--- RECORDS FOR THE EXERCISE Enclosed Below ---
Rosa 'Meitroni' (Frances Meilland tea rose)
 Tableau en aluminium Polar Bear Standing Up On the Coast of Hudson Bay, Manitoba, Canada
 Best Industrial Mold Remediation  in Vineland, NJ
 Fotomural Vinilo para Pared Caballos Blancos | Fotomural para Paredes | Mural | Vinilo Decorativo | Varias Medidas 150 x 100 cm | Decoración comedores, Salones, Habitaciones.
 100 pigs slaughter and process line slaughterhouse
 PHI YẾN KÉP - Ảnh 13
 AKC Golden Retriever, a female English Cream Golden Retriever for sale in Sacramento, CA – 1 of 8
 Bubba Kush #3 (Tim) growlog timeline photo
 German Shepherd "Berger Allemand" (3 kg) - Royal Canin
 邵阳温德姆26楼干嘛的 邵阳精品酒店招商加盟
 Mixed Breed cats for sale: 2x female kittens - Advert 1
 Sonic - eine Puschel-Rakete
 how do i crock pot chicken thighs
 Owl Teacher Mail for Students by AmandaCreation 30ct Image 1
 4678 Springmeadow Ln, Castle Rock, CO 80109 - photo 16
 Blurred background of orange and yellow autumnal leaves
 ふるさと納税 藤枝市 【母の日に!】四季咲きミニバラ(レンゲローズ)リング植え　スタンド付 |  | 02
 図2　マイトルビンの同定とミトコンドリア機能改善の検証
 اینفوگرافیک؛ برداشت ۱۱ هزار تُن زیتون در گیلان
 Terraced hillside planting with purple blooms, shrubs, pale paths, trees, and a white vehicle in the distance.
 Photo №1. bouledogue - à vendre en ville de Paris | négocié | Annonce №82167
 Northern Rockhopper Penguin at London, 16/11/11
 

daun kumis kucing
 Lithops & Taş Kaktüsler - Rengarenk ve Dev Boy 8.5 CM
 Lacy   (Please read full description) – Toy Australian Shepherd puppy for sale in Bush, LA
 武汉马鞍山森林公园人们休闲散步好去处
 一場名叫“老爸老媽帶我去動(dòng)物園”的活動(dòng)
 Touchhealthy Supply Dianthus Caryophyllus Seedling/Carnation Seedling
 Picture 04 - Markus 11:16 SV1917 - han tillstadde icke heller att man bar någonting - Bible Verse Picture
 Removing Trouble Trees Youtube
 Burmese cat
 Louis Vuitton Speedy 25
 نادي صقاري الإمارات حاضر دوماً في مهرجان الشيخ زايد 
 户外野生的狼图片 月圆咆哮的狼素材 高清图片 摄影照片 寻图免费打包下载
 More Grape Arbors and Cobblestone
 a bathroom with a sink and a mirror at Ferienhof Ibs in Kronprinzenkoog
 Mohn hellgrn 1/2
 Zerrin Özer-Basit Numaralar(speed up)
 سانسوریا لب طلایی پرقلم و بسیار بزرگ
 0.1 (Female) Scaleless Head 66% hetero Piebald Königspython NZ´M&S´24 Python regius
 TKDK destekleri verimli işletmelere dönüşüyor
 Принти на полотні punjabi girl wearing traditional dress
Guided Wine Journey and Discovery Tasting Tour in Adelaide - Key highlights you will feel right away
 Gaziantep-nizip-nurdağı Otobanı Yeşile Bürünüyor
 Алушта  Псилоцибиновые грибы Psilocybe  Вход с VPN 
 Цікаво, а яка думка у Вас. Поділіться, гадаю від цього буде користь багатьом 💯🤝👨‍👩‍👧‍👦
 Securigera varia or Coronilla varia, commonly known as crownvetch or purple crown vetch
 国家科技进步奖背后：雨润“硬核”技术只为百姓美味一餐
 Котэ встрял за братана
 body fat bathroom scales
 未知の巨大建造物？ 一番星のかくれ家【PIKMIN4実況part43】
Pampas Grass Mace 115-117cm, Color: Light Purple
--- End of Enclosed RECORDS FOR THE EXERCISE ---
**EXERCISE AIM:**
Could you print all of the data above once more, unaltered?

**SOLUTION TO THIS PROBLEM:**
Rosa 'Meitroni' (Frances Meilland tea rose)
 Tableau en aluminium Polar Bear Standing Up On the Coast of Hudson Bay, Manitoba, Canada
 Best Industrial Mold Remediation  in Vineland, NJ
 Fotomural Vinilo para Pared Caballos Blancos | Fotomural para Paredes | Mural | Vinilo Decorativo | Varias Medidas 150 x 100 cm | Decoración comedores, Salones, Habitaciones.
 100 pigs slaughter and process line slaughterhouse
 PHI YẾN KÉP - Ảnh 13
 AKC Golden Retriever, a female English Cream Golden Retriever for sale in Sacramento, CA – 1 of 8
 Bubba Kush #3 (Tim) growlog timeline photo
 German Shepherd "Berger Allemand" (3 kg) - Royal Canin
 邵阳温德姆26楼干嘛的 邵阳精品酒店招商加盟
 Mixed Breed cats for sale: 2x female kittens - Advert 1
 Sonic - eine Puschel-Rakete
 how do i crock pot chicken thighs
 Owl Teacher Mail for Students by AmandaCreation 30ct Image 1
 4678 Springmeadow Ln, Castle Rock, CO 80109 - photo 16
 Blurred background of orange and yellow autumnal leaves
 ふるさと納税 藤枝市 【母の日に!】四季咲きミニバラ(レンゲローズ)リング植え　スタンド付 |  | 02
 図2　マイトルビンの同定とミトコンドリア機能改善の検証
 اینفوگرافیک؛ برداشت ۱۱ هزار تُن زیتون در گیلان
 Terraced hillside planting with purple blooms, shrubs, pale paths, trees, and a white vehicle in the distance.
 Photo №1. bouledogue - à vendre en ville de Paris | négocié | Annonce №82167
 Northern Rockhopper Penguin at London, 16/11/11
 

daun kumis kucing
 Lithops & Taş Kaktüsler - Rengarenk ve Dev Boy 8.5 CM
 Lacy   (Please read full description) – Toy Australian Shepherd puppy for sale in Bush, LA
 武汉马鞍山森林公园人们休闲散步好去处
 一場名叫“老爸老媽帶我去動(dòng)物園”的活動(dòng)
 Touchhealthy Supply Dianthus Caryophyllus Seedling/Carnation Seedling
 Picture 04 - Markus 11:16 SV1917 - han tillstadde icke heller att man bar någonting - Bible Verse Picture
 Removing Trouble Trees Youtube
 Burmese cat
 Louis Vuitton Speedy 25
 نادي صقاري الإمارات حاضر دوماً في مهرجان الشيخ زايد 
 户外野生的狼图片 月圆咆哮的狼素材 高清图片 摄影照片 寻图免费打包下载
 More Grape Arbors and Cobblestone
 a bathroom with a sink and a mirror at Ferienhof Ibs in Kronprinzenkoog
 Mohn hellgrn 1/2
 Zerrin Özer-Basit Numaralar(speed up)
 سانسوریا لب طلایی پرقلم و بسیار بزرگ
 0.1 (Female) Scaleless Head 66% hetero Piebald Königspython NZ´M&S´24 Python regius
 TKDK destekleri verimli işletmelere dönüşüyor
 Принти на полотні punjabi girl wearing traditional dress
Guided Wine Journey and Discovery Tasting Tour in Adelaide - Key highlights you will feel right away
 Gaziantep-nizip-nurdağı Otobanı Yeşile Bürünüyor
 Алушта  Псилоцибиновые грибы Psilocybe  Вход с VPN 
 Цікаво, а яка думка у Вас. Поділіться, гадаю від цього буде користь багатьом 💯🤝👨‍👩‍👧‍👦
 Securigera varia or Coronilla varia, commonly known as crownvetch or purple crown vetch
 国家科技进步奖背后：雨润“硬核”技术只为百姓美味一餐
 Котэ встрял за братана
 body fat bathroom scales
 未知の巨大建造物？ 一番星のかくれ家【PIKMIN4実況part43】
Pampas Grass Mace 115-117cm, Color: Light Purple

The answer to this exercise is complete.